Task directions
From the records below, find each line with the string "White" and copy it.

[Opening Provided records section]

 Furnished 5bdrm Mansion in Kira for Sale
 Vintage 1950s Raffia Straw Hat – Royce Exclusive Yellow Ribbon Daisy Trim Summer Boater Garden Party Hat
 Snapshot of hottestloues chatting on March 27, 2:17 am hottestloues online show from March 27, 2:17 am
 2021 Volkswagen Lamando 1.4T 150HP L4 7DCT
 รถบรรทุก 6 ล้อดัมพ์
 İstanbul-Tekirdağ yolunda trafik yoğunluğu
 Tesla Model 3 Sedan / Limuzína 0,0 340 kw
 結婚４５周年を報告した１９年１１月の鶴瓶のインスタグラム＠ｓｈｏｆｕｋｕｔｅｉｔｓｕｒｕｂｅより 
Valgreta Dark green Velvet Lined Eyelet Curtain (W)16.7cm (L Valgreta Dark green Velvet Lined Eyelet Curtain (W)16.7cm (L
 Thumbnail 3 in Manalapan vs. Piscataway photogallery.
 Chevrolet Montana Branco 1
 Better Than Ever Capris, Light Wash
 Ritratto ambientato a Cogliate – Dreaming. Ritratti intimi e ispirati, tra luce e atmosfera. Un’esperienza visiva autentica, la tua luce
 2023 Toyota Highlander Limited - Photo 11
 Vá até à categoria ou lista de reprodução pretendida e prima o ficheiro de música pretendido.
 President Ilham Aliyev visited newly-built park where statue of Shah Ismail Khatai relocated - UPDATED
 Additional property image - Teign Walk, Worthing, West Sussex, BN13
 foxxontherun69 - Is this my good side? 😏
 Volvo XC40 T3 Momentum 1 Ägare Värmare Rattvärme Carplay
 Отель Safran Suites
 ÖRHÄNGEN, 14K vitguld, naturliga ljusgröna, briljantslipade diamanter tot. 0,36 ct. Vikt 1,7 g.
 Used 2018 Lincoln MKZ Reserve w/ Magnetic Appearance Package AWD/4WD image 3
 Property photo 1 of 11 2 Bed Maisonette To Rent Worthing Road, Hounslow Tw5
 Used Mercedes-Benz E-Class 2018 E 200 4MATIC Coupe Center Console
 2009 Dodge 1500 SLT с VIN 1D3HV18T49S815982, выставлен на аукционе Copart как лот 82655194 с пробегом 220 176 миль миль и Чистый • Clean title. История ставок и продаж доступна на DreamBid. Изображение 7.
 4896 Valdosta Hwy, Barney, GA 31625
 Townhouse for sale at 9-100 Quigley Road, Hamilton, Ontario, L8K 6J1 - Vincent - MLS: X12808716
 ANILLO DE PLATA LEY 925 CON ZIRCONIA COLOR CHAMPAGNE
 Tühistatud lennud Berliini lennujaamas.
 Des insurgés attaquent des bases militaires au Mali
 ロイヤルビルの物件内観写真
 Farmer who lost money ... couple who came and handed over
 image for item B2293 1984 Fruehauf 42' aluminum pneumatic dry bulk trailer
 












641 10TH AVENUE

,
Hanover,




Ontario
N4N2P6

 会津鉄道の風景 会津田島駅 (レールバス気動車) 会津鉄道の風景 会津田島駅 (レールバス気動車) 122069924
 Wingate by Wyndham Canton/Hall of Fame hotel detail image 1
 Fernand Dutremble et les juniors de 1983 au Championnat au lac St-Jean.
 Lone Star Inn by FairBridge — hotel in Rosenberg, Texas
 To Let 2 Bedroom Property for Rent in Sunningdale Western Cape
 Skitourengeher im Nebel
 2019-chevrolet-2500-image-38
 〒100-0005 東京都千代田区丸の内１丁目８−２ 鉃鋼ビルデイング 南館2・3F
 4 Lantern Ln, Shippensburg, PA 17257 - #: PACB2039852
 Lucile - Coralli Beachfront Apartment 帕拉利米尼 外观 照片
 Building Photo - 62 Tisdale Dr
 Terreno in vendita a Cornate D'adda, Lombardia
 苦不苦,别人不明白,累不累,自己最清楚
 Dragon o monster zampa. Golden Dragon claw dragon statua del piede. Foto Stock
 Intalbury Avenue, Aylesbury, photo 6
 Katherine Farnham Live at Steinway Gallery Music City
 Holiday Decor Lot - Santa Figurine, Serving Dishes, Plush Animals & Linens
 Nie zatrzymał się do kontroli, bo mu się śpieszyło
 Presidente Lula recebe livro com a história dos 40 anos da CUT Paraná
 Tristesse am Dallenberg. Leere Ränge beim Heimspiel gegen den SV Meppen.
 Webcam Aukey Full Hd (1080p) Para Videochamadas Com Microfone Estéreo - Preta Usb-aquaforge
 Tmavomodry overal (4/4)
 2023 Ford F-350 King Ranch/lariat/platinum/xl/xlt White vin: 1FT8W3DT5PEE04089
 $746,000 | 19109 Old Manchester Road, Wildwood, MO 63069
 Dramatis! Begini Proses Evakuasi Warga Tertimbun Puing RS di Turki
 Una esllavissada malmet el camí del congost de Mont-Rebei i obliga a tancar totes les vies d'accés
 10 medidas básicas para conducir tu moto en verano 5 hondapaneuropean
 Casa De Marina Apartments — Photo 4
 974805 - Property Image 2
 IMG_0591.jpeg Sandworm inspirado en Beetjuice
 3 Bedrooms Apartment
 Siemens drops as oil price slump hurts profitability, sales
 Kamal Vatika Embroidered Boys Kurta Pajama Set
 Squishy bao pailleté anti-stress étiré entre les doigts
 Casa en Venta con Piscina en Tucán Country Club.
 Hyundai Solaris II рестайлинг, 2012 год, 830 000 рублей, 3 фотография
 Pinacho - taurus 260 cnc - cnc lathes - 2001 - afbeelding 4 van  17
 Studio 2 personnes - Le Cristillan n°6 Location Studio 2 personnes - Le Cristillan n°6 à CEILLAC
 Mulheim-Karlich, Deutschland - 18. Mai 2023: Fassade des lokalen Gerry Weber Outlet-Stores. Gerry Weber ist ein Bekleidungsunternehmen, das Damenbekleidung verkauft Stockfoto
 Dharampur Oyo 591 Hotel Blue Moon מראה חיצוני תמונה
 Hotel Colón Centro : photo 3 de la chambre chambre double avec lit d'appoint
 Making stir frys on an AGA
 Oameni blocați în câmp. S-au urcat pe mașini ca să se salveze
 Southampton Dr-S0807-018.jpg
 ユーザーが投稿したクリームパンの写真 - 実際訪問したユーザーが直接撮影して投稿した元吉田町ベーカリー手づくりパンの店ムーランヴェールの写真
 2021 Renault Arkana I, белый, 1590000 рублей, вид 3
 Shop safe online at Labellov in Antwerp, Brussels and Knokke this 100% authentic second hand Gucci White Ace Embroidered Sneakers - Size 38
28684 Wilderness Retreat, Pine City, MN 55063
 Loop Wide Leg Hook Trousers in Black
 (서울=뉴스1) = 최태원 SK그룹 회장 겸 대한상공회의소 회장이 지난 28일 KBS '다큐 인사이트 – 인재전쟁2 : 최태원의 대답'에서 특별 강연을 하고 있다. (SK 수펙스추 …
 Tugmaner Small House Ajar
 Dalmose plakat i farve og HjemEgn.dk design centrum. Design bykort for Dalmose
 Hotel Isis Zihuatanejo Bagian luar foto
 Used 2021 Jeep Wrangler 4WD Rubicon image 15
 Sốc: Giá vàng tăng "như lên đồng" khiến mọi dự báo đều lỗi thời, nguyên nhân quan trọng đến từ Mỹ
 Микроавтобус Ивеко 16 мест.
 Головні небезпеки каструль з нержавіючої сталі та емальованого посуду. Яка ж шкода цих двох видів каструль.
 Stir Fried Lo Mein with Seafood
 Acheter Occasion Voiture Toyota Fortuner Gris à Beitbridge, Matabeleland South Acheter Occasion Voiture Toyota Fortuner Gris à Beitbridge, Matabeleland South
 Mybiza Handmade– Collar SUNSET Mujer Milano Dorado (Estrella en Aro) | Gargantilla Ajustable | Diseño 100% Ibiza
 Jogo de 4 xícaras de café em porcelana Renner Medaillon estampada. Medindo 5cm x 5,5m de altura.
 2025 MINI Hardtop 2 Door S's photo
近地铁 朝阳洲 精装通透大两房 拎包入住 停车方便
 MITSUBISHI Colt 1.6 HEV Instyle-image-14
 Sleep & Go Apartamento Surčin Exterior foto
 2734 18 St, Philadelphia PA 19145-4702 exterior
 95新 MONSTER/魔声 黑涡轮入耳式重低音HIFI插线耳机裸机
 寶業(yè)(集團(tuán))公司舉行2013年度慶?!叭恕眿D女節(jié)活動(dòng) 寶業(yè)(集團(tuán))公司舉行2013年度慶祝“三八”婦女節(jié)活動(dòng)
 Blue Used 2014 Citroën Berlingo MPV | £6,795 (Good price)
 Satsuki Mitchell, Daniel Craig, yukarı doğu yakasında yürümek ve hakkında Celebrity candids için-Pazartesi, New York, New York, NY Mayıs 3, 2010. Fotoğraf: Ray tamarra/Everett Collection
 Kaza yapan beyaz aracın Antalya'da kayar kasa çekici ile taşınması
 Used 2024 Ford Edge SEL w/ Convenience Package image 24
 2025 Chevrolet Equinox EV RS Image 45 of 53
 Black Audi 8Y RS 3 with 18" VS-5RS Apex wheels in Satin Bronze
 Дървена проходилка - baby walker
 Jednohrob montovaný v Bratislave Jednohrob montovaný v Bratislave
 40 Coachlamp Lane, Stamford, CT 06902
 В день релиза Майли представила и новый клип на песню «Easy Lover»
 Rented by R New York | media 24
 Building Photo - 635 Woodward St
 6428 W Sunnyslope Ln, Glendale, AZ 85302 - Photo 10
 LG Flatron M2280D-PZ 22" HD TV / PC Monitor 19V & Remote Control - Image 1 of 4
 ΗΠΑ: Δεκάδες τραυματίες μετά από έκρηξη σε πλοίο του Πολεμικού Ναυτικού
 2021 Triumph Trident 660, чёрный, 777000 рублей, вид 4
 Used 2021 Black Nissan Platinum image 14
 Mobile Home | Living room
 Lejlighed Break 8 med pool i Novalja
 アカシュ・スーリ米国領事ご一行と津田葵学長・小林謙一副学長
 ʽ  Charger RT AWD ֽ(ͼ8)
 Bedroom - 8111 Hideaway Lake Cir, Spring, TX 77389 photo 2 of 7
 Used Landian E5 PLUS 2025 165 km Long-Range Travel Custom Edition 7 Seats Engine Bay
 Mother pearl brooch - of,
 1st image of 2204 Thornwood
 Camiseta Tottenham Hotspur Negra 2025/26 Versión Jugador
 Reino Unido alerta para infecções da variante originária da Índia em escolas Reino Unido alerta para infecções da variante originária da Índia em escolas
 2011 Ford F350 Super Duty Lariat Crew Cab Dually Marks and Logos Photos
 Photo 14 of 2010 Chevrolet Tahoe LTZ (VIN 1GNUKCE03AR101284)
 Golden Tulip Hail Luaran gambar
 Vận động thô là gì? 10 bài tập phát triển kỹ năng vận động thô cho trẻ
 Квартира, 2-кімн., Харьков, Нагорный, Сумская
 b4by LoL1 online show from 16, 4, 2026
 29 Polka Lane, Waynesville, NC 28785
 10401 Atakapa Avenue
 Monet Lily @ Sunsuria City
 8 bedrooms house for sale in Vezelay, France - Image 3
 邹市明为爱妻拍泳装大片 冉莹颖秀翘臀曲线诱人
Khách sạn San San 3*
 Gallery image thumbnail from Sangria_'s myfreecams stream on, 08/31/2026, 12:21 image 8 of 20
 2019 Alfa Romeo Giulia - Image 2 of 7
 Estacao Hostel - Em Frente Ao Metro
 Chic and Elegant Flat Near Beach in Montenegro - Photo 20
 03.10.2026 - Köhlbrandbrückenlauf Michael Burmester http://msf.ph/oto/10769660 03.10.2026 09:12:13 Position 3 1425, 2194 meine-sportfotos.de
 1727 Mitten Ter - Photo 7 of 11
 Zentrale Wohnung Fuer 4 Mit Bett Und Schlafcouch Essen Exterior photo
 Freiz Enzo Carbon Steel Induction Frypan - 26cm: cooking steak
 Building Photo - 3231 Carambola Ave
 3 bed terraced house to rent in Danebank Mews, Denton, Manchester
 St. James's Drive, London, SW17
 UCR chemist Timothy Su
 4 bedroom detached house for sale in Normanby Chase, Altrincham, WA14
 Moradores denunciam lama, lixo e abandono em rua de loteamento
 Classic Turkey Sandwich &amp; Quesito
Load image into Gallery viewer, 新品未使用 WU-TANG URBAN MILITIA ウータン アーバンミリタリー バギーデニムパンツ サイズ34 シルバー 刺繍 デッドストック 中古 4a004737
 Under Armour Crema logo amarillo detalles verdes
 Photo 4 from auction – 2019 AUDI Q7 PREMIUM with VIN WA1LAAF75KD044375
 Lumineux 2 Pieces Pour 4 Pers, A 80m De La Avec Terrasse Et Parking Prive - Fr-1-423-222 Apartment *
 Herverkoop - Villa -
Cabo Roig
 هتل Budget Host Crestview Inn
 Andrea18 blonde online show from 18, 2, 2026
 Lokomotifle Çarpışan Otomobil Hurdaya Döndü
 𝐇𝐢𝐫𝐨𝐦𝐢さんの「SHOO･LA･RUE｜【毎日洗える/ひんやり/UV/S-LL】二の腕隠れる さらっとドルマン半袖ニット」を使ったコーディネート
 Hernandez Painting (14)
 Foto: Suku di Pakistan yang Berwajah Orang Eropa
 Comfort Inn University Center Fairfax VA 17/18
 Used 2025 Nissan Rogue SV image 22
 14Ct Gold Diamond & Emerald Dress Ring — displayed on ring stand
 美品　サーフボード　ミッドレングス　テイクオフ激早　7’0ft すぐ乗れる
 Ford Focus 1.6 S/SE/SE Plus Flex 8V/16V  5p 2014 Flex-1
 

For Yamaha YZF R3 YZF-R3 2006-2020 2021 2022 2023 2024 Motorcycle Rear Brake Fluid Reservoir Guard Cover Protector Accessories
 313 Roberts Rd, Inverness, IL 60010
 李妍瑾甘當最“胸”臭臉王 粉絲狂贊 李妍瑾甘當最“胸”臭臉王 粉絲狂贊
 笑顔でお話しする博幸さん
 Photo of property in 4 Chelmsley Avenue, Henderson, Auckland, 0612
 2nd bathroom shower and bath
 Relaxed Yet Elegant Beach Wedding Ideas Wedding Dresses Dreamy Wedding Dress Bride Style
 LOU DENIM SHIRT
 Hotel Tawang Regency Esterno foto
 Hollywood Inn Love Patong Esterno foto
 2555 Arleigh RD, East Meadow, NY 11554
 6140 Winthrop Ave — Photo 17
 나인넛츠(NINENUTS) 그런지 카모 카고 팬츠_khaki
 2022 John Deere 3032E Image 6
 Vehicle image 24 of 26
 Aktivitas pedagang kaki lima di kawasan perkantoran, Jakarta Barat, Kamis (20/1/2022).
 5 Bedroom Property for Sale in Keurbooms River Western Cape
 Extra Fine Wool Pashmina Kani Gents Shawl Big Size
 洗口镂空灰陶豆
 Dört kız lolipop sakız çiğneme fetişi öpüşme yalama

[Closing Provided records section]

Answer to this task
 2023 Ford F-350 King Ranch/lariat/platinum/xl/xlt White vin: 1FT8W3DT5PEE04089
 Shop safe online at Labellov in Antwerp, Brussels and Knokke this 100% authentic second hand Gucci White Ace Embroidered Sneakers - Size 38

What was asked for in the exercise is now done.